• What you will do:
Using the data below, output a verbatim copy of the lines between the one holding "Black Tourmaline and" and the one holding "Roco 43320 DB", inclusive, without any pictures.

• Dataset entries:
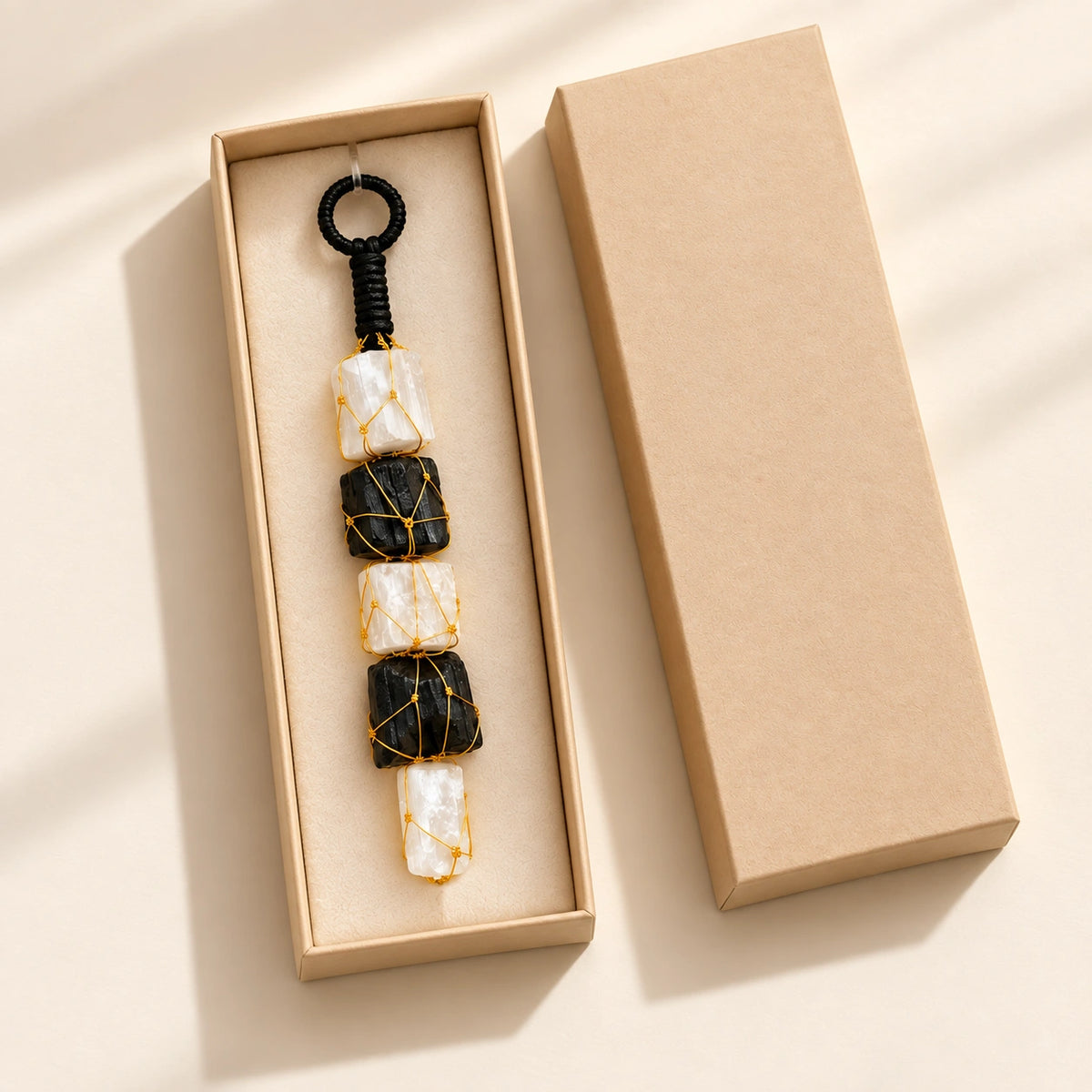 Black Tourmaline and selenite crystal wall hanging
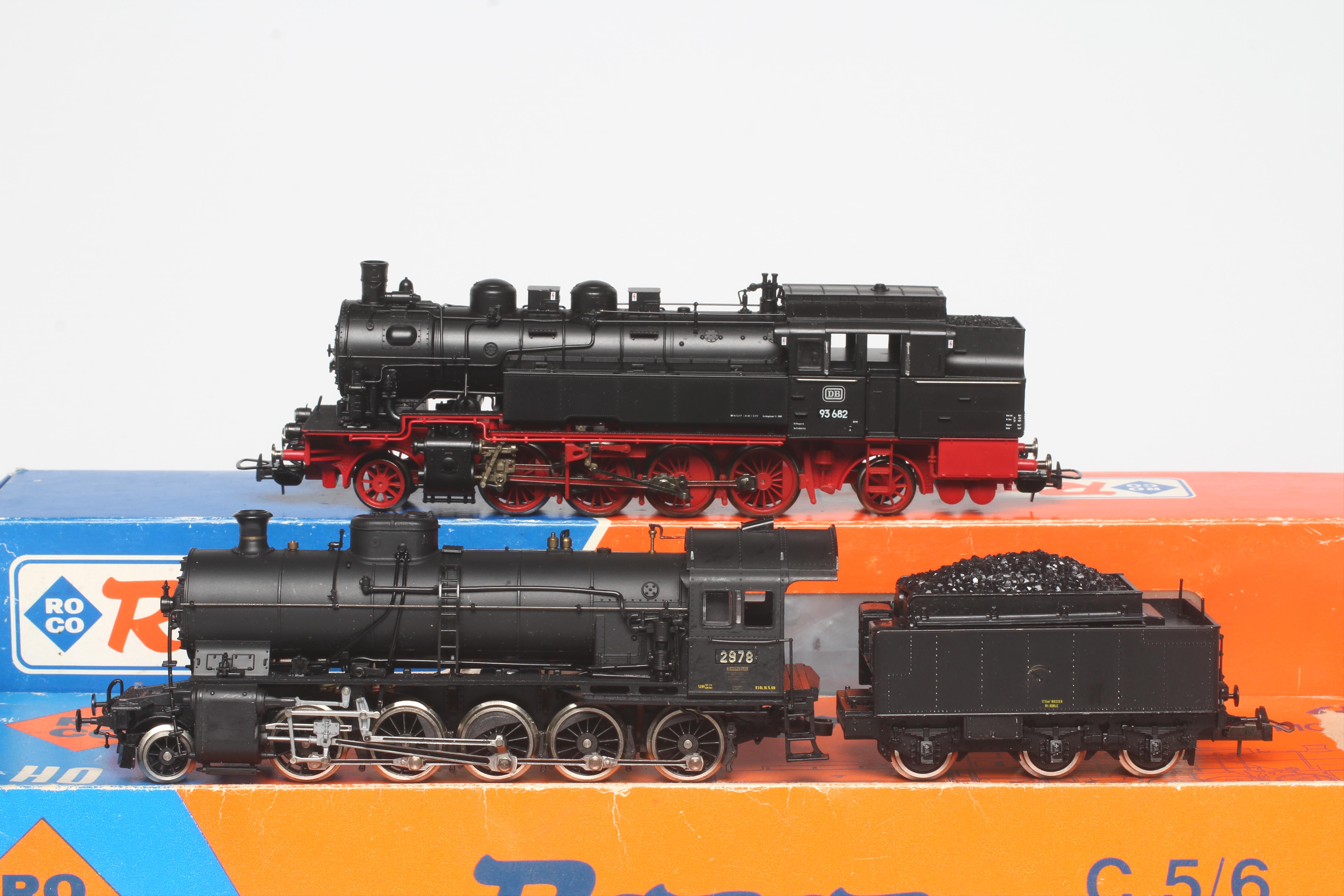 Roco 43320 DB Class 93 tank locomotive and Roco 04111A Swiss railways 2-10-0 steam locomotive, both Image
---
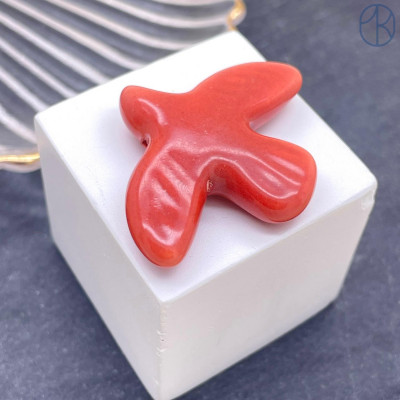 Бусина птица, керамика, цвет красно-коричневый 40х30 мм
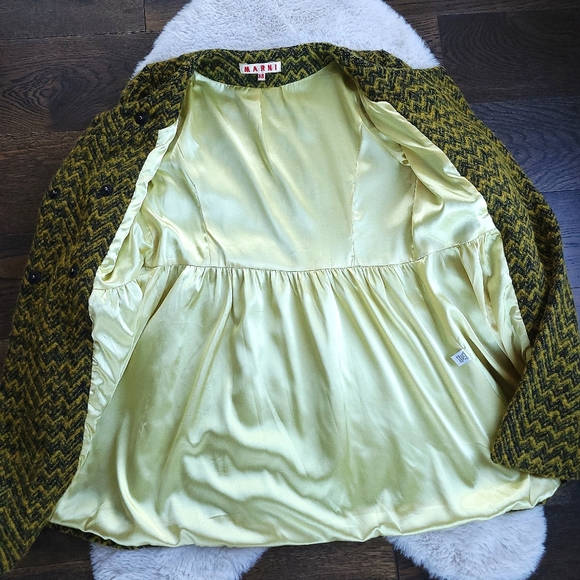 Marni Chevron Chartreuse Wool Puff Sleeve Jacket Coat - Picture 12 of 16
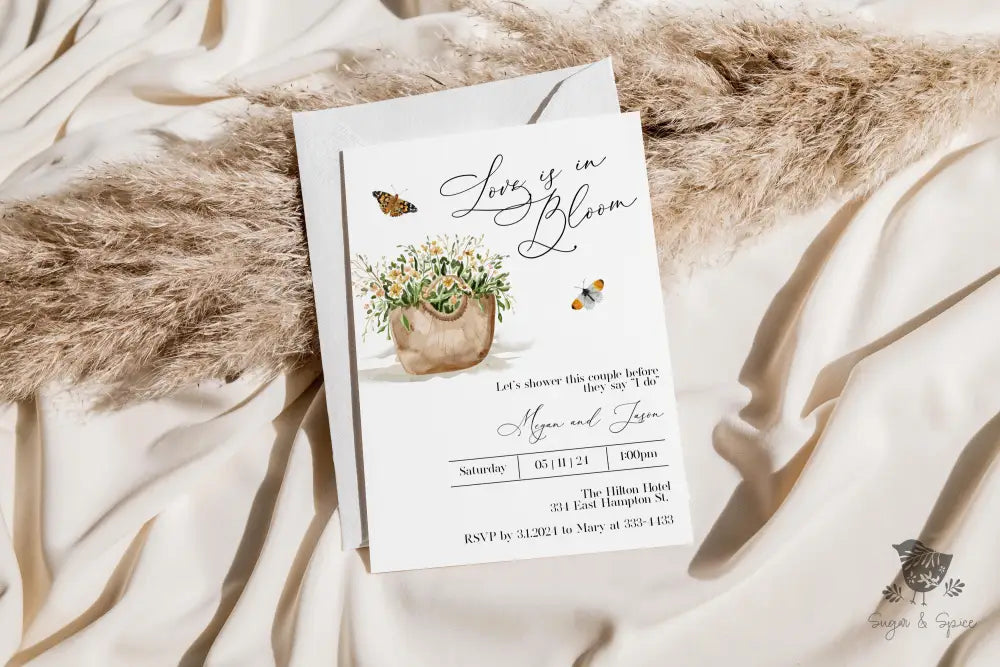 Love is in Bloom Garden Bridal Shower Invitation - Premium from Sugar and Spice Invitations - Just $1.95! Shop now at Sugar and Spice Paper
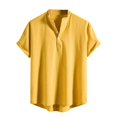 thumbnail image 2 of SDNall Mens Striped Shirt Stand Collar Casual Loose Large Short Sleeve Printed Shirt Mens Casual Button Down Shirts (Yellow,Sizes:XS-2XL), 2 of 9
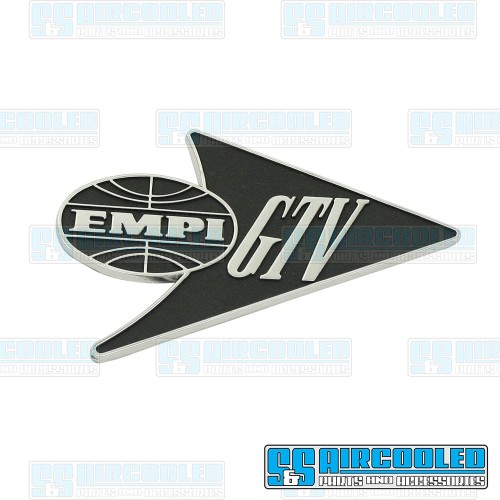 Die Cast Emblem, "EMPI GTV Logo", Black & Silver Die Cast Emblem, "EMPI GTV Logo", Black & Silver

• Completed exercise:
 Black Tourmaline and selenite crystal wall hanging
 Roco 43320 DB Class 93 tank locomotive and Roco 04111A Swiss railways 2-10-0 steam locomotive, both Image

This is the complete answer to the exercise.